Public Supports Strengthening RGGI to Fight Climate Change

In the RGGI states (pictured here), residents want to go for the gold on climate protection, with 72 percent supporting 5 percent annual cuts in power plant pollution.
Credit: (map courtesy of the Center for Climate and Energy Solutions)

This post was co-authored by my colleague Bruce Ho.

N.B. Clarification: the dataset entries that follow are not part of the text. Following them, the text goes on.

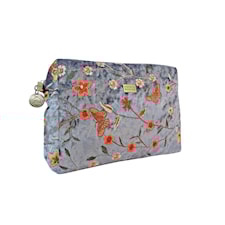 Sminkväska Velvet Fiore Cosmetic Medium Dauve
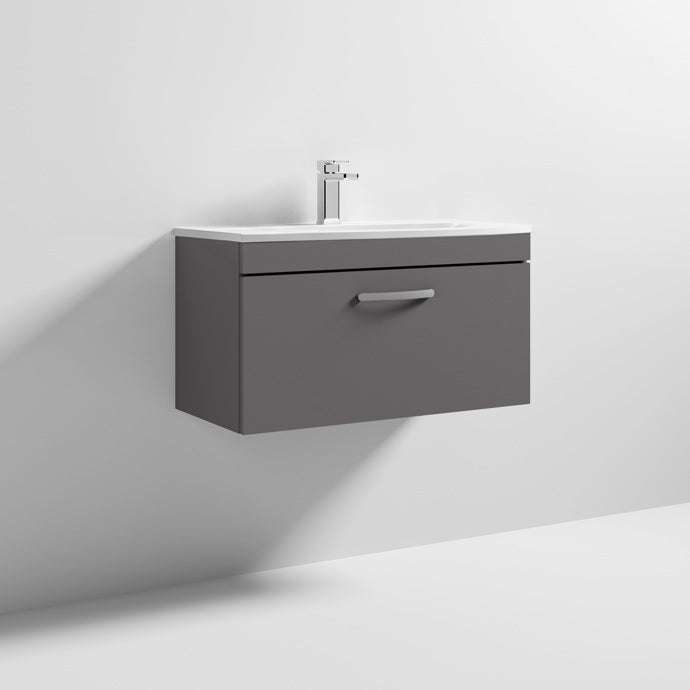 800mm Wall Hung Vanity With Basin 4 (V1)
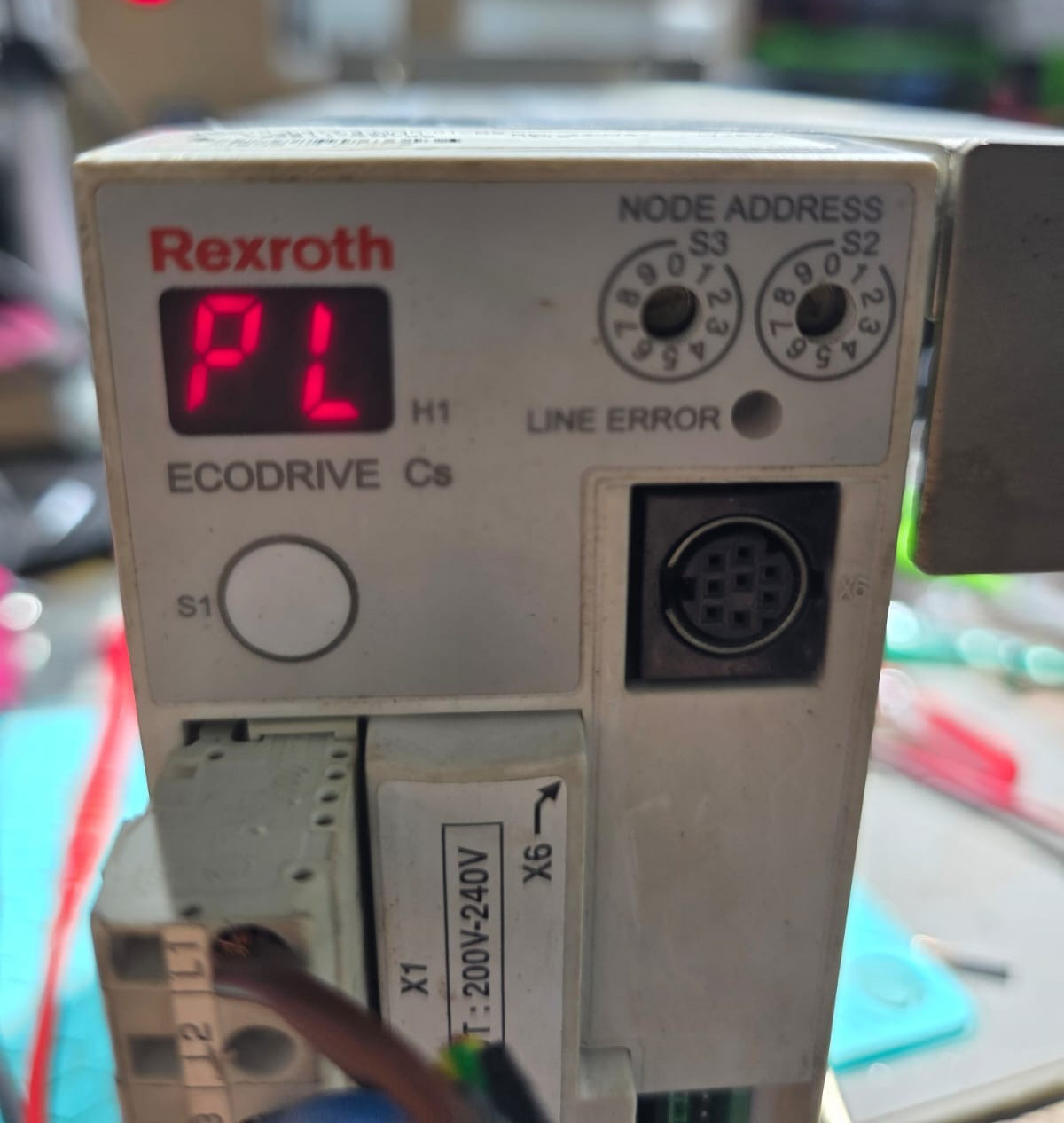 BOSCH REXROTH DKC10.3-012-3-MGP-01VRS BOSCH REXROTH ECODRIVE DKC10.3-012-3-MGP-01VRS SERVO DRIVE CONTROLLER 2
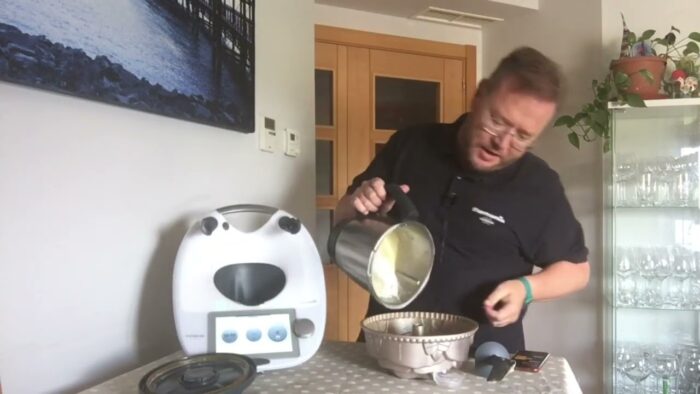 Bizcocho de Pistacho con Thermomix y José Ángel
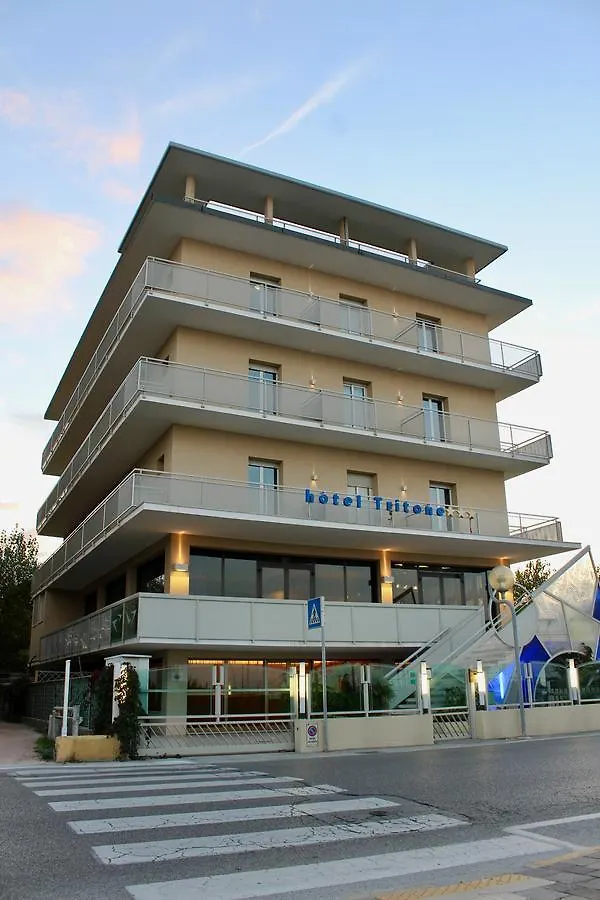 Hotel Tritone Rimini Italy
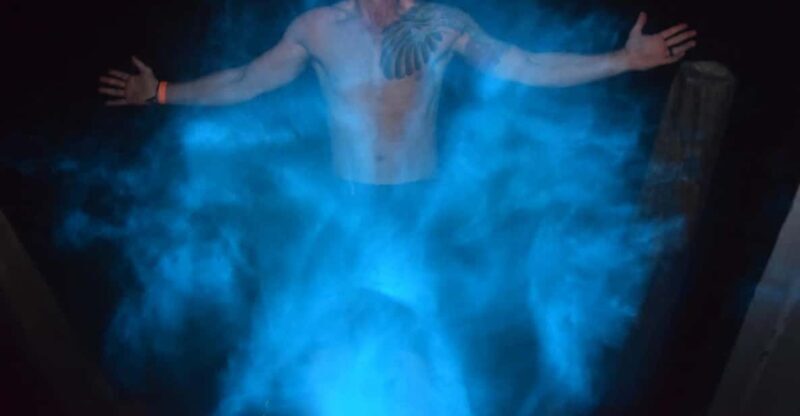 From Montego Bay: Luminous Lagoon Night Tour - The Downside: Waiting and Crowds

For those of us concerned about climate, public health, good and local jobs, and serious energy-bill savings, there are two pieces of excellent news out today that have bearing on the future of the Regional Greenhouse Gas Initiative (RGGI). Separate reports show that the residents of the nine-state RGGI region want bigger pollution cuts and that there are smart ways to achieve them.

 

RGGI, of course, is the pioneering cap-and-invest program to cut carbon pollution from power plants in nine Northeastern and Mid-Atlantic states—Connecticut, Delaware, Maine, Maryland, Massachusetts, New Hampshire, New York, Rhode Island, and Vermont. With the 10th anniversary of the first RGGI model rule approaching on Monday, the states are undertaking a scheduled review of the RGGI program to determine how best to continue RGGI’s progress in fighting climate change beyond the states’ current commitments to cut carbon pollution through 2020.

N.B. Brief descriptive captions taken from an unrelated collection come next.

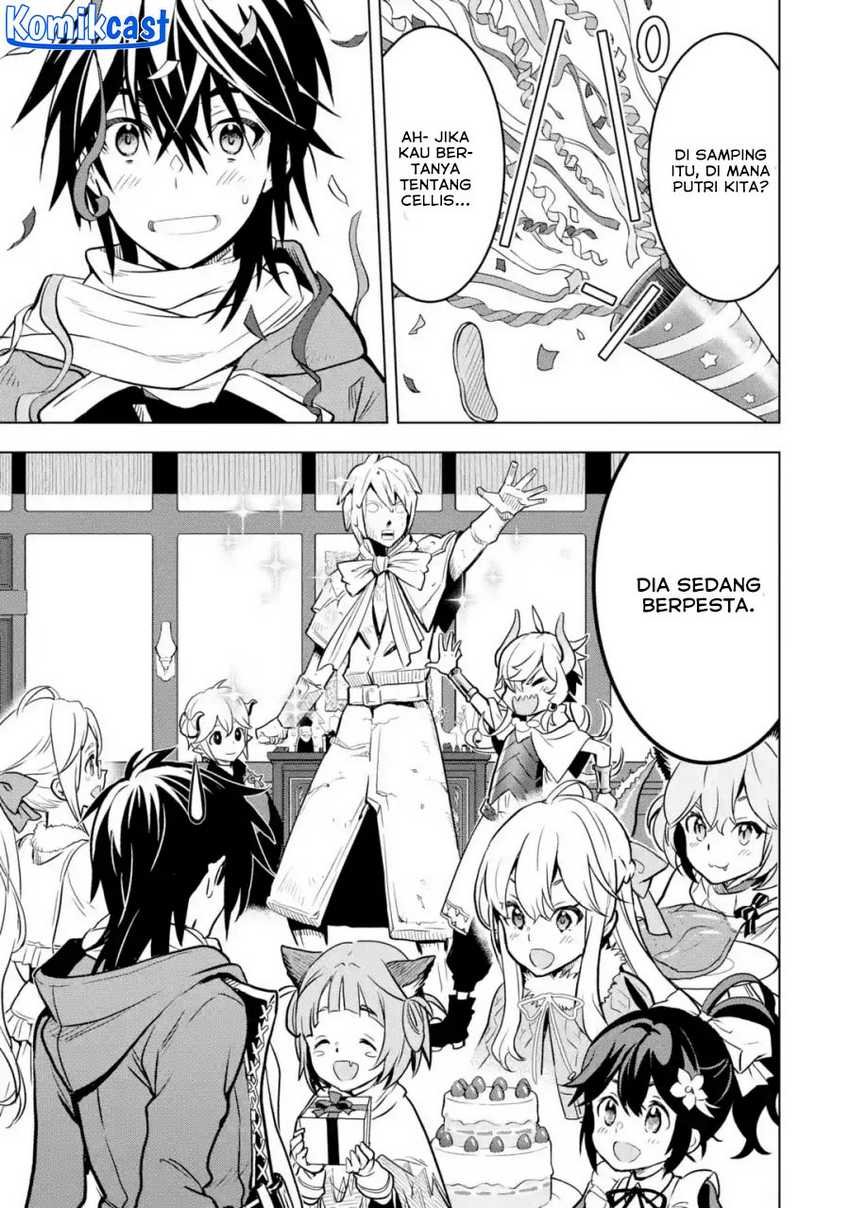 Koko wa Ore ni Makasete Saki ni Ike to Itte kara 10 Nen ga Tattara Densetsu ni Natteita Chapter 32.5 Gambar 42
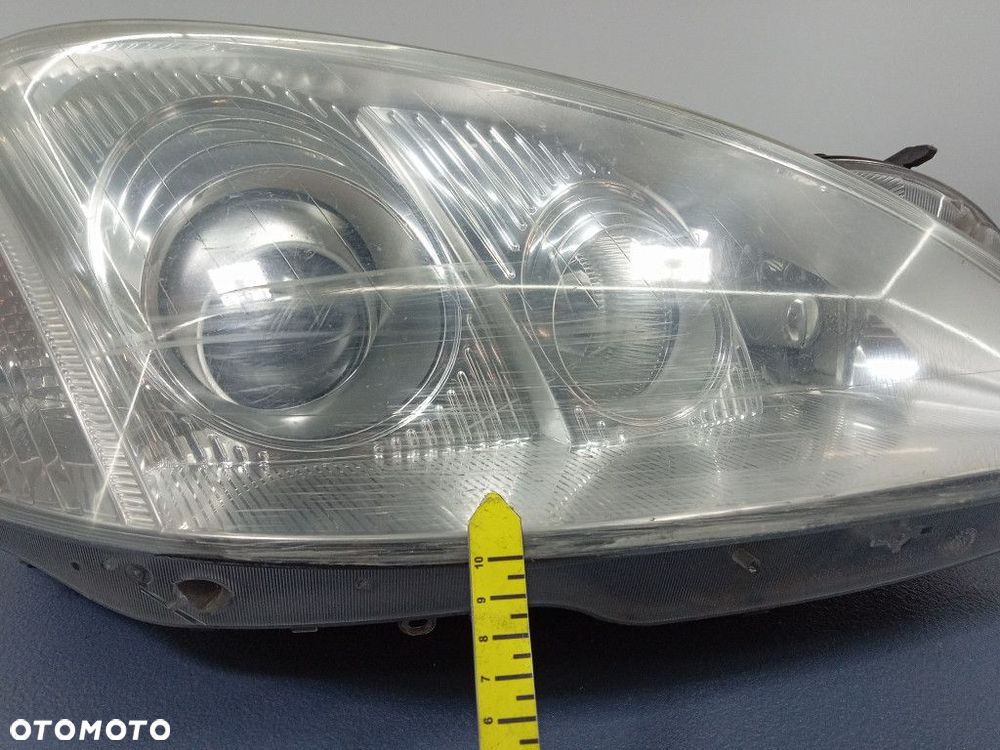 MERCEDES S W221 REFLEKTOR PRAWY BIXENON 1305235874 - 7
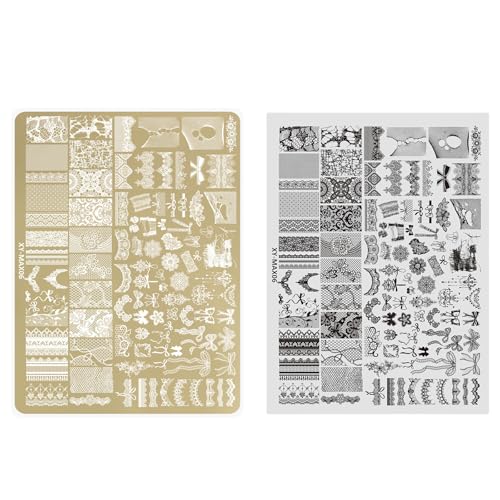 Nägel Kunst Stempel Templat Nägel Kunst Stempel Templat von SueaLe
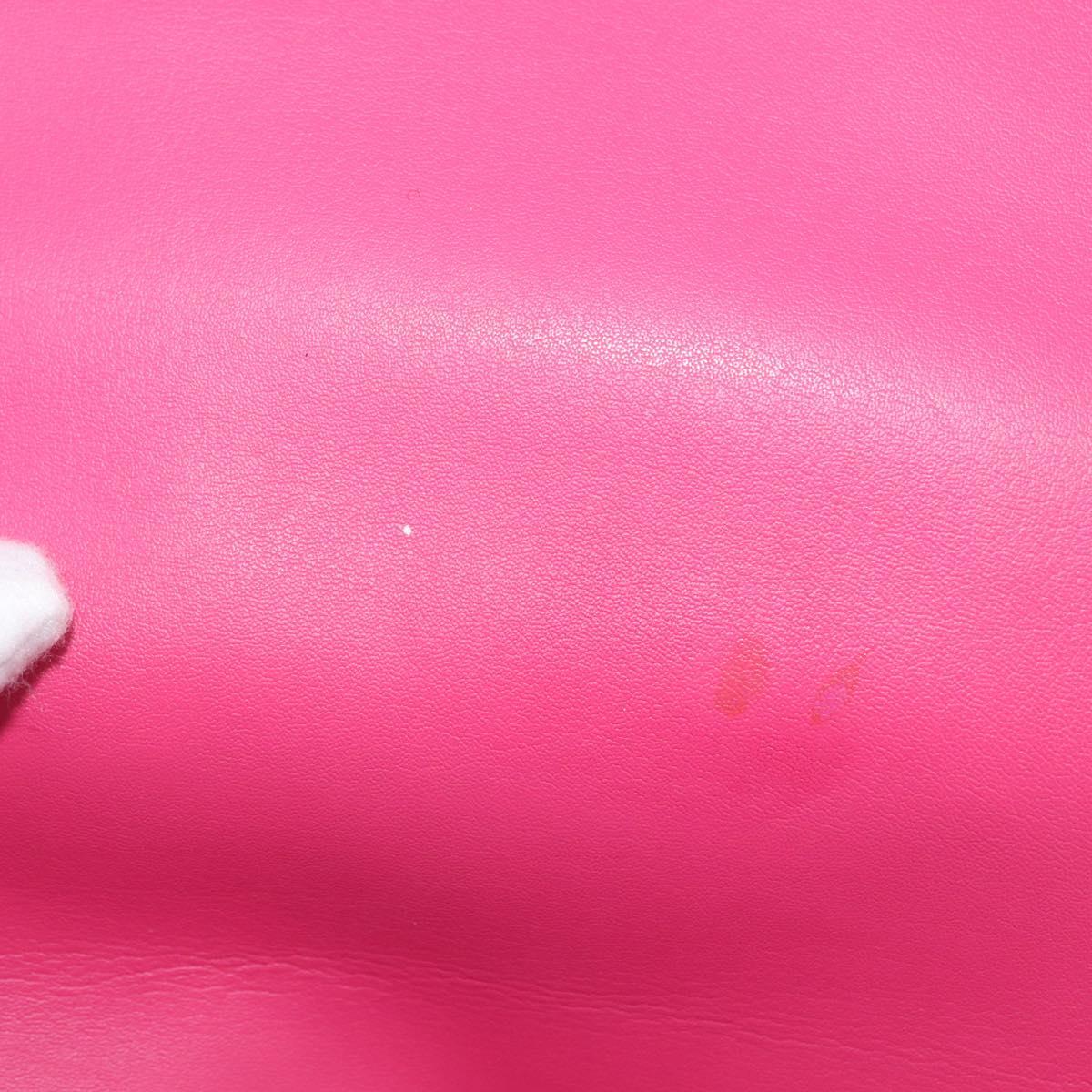 LOUIS VUITTON Vernis Thompson Street Bag Fuchsia Pink M91215 LV Auth ARZ072A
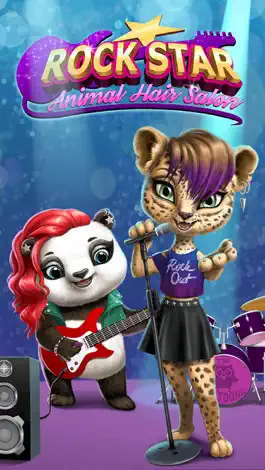 Game screenshot Animal Hair Salon Rock Stars mod apk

The program, as I wrote earlier this week, is an unmitigated success. Since it first took effect in 2009, it’s cut carbon pollution from power plants by a whopping 37 percent, created at least 30,000 good, local jobs, saved consumers hundreds of millions of dollars on energy, and improved the public health—with health savings from improved air quality valued at a massive $10 billion.

 

The RGGI states are considering various options for continued carbon cutting post-2020, including cutting emissions by 5 percent per year, which would match the program’s current level of ambition, along with other, less ambitious proposals. The first piece of good news here is that residents in the region want to go for the gold on carbon cutting, and strongly support that most ambitious, 5 percent trajectory, by a full 72 percent, according to a poll released today and commissioned by our friends at the Sierra Club. Such cuts are not only eminently feasible, they could also deliver a host of benefits to the region, including more than 58,000 new jobs a year and consumer energy savings of $25.7 billion, according to a recent study by Synapse Energy Economics. Annual 5 percent cuts would also more than comply with the states’ obligations under the U.S. Environmental Protection Agency’s Clean Power Plan (CPP) to cut carbon emissions from the nation’s power plants. And this 5 percent per year cap decline can help the RGGI states meet their goals to cut economy-wide greenhouse gas emissions by 40 percent by 2030 at the lowest cost.

 

Sounds like a win all around.

 

But back to the poll. Not only do 72 percent of RGGI state residents support annual reductions of 5 percent, but about 80 percent believe such a trajectory will improve air quality and public health, while close to 75 percent believe such reductions will improve our environment (including slowing dangerous climate change) and spur the development of renewable energy. (In fact, studies of RGGI’s performance bear those opinions out.)

 

The next bit of good news is that—as outlined by our friends at the Acadia Center—there is much the RGGI states can do to strengthen the program so it continues to deliver benefits to our climate. RGGI works by requiring power producers in the region to buy carbon allowances at quarterly auctions or on the secondary market to cover each ton of carbon they emit, with the number of allowances declining each year. The states then use the auction revenue to support consumer programs, with the vast majority of the cash going toward energy efficiency; renewable energy; direct bill assistance; and other greenhouse gas abatement programs. As mentioned above, these investments have generated billions of dollars in regional benefits, and to keep these benefits flowing, the RGGI states must commit to further carbon pollution reductions after 2020, Acadia shows. As we’ve highlighted before, and Acadia further discusses, in addition to the cap trajectory, the RGGI states must also reform the cost containment reserve and how they treat unused, banked allowances in order to avoid undermining the climate integrity of the program.

 

The good news, again, is that all of these reforms to strengthen RGGI are eminently doable. Just as RGGI made corrections to the program in its 2012 review—corrections that improved its ability to cut carbon pollution—the states can do this in smart ways again, ways that are outlined further in that great Acadia Center report.

 

Ten years ago when RGGI started, it was a pioneer, showing states across the nation and countries around the world smart ways to use cap-and-invest to cut dangerous carbon pollution as RGGI ramped up economic and public health benefits. Now, as its 10th anniversary approaches, it has the opportunity to lead again. As today’s Sierra Club poll and Acadia Center report demonstrate, that’s what residents of the region want, and that’s what RGGI can deliver, by adopting innovative program designs that benefit our climate and our wallets as well.